Where I live, most of the "amber alerts" have been Black children under the age of 10. And for some bizarre reason, out of the small towns. Anytime I've been to Wal-Mart and found posters of missing children, most of them are Black or Hispanic. A large number of them runaways.
Yeah, "pretty young blonde White girl missing" is the headline grabber. And this from the same media that howls so loudly about minority under representation. The media are verminous scavengers. This particular incident happened quite close to me. Prosser res is only about a half hour away. Used to hang out in that area a lot when I was in my 20s and lived just outside of Reno.
Folks hereabouts get pretty stirred up when a murder like this happens close. A story like this will always headline before the Hispanic or Black girl who gets shot in a driveby down on Sutro and Montello. Which does stir me up a bit considering how the media is always finding RACISM hiding in every quarter but their own.
But sometimes it does matter on how they get justice, or don't.
Out of interest, you might want to read about Kaysera Stops Pretty Places, an 18-year-old indigenous woman who was missing and found murdered in Montana. There might be something pretty dark behind the investigation of her death, though, that wasn't relevant to the Gabby story.

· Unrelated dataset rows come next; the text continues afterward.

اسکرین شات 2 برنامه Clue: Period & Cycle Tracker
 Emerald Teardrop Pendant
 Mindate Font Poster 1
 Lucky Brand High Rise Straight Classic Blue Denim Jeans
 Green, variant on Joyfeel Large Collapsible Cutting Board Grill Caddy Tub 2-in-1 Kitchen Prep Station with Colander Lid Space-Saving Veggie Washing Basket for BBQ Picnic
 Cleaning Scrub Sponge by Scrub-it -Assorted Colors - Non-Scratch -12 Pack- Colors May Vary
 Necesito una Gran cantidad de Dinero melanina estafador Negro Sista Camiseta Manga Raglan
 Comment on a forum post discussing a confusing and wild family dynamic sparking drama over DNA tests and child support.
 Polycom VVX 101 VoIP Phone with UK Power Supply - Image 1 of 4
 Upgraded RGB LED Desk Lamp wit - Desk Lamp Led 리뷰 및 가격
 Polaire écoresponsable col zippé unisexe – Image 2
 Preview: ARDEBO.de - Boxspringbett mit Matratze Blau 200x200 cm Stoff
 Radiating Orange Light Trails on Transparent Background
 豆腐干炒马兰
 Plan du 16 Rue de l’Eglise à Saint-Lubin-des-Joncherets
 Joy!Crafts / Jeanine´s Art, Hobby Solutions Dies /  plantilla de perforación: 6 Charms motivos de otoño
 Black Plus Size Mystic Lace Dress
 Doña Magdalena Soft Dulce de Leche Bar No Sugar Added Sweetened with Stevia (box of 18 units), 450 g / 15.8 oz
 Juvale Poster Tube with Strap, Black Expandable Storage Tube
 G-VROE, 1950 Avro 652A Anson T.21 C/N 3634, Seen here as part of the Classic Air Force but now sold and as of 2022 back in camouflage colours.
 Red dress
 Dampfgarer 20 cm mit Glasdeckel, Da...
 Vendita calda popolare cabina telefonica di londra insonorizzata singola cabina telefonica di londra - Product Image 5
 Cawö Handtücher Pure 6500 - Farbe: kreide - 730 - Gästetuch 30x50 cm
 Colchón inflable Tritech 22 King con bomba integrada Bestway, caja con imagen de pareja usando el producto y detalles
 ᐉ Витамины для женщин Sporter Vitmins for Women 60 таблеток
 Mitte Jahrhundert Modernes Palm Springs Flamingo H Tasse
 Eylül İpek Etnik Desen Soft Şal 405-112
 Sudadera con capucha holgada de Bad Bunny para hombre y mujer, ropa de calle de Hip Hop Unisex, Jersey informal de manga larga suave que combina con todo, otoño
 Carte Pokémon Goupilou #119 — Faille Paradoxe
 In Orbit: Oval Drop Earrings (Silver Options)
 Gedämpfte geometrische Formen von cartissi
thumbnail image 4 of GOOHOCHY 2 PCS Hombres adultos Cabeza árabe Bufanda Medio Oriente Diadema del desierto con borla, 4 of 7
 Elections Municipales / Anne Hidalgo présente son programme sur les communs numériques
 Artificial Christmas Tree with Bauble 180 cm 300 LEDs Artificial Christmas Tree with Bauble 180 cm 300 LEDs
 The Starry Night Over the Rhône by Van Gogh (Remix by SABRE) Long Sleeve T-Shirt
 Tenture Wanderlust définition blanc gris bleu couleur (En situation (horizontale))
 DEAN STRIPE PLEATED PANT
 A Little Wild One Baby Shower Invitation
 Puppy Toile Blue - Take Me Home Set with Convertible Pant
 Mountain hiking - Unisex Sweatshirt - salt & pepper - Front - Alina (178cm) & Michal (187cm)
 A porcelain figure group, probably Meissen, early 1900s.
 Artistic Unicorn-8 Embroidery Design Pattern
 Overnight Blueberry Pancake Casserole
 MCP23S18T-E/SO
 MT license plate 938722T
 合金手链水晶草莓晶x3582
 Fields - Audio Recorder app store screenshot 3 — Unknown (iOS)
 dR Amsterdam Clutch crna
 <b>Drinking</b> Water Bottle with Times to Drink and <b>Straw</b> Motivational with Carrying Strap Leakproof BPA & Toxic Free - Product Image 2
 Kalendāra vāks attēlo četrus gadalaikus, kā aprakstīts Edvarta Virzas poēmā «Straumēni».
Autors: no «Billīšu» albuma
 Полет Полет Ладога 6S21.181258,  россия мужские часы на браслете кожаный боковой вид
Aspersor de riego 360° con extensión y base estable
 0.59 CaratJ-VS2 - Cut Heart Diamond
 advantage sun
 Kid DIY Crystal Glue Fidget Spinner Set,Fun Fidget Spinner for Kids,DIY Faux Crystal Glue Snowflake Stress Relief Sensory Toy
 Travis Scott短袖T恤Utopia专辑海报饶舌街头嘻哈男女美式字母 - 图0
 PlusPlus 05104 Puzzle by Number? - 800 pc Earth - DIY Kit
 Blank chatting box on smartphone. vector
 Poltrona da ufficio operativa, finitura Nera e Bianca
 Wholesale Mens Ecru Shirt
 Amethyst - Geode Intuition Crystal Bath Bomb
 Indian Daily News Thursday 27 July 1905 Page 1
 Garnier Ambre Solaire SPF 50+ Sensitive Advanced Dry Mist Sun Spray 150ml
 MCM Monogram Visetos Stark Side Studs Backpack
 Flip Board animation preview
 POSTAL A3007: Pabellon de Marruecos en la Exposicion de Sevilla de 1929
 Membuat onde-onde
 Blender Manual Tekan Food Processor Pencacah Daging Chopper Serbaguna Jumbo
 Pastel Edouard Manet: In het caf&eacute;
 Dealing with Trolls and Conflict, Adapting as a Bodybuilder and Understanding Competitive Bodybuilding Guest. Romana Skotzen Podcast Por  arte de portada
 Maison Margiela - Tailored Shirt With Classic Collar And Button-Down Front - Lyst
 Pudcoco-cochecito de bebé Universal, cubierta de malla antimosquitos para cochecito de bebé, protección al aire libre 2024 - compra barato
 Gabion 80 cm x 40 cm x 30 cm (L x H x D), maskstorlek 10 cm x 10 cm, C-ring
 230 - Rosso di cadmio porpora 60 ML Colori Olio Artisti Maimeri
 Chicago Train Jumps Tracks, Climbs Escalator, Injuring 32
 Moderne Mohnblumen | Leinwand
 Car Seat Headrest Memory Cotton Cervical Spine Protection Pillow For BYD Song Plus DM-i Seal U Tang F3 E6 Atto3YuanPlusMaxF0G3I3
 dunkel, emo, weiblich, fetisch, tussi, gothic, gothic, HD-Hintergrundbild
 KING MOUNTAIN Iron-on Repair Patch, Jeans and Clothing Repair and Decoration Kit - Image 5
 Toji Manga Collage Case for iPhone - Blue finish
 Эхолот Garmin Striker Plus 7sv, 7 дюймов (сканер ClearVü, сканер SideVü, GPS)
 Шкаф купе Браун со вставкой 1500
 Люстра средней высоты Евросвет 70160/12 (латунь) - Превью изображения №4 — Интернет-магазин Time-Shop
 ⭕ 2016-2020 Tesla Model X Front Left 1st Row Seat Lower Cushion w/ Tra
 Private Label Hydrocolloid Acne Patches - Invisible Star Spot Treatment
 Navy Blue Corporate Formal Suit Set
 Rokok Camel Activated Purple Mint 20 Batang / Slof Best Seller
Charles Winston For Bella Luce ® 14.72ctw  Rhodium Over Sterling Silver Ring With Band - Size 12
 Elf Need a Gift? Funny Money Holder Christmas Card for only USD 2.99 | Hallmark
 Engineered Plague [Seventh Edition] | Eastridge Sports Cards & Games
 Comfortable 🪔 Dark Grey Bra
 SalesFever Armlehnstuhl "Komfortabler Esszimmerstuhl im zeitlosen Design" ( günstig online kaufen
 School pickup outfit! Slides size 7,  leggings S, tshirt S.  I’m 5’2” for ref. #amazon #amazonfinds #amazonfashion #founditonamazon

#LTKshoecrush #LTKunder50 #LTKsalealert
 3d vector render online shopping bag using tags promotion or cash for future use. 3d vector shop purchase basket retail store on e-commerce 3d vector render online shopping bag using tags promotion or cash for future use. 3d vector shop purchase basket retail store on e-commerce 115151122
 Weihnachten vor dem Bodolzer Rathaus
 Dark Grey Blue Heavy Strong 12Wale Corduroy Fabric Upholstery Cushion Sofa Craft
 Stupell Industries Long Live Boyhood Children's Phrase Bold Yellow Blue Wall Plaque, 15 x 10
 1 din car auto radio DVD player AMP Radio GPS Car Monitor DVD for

Stories like that can do something to scare me. Same goes for a Black male, geology student, in his 20s who went missing in the Arizona desert. He went missing in June 2021. It's August 2022 and still no answers. While Gabby Petito was getting all kinds of coverage, Daniel Robinson, well, let's just say I haven't heard his name mentioned nearly as much.
It scares me because I have a habit of traveling alone, sometimes to remote places.
I don't question why stories about blonde women going missing gain alot of traction. There is something else that should be asked. Why do we rarely get stories about men going missing? I also think about why stories about Black and Hispanic children going missing rarely gain traction. I try to avoid Wal-Mart. However, whenever I have gone to Wal-Mart, I see several pictures of children going missing. Most of them are Black or Hispanic. For as long as I've been alive, Black and Hispanic children get far less attention when they go missing. Men of any race rarely get as much attention either.
That’s because their parents don’t go to the media as much, or the news media isn’t shocked enough when crime happens in high crime areas. If people want more coverage demand it.
Where I live, most of the "amber alerts" have been Black children under the age of 10. And for some bizarre reason, out of the small towns. Anytime I've been to Wal-Mart and found posters of missing children, most of them are Black or Hispanic. A large number of them runaways.
Most amber alerts are children taken by a parent in a custody dispute.
Most amber alerts are children taken by a parent in a custody dispute.
I've noticed that too, especially when White children go missing.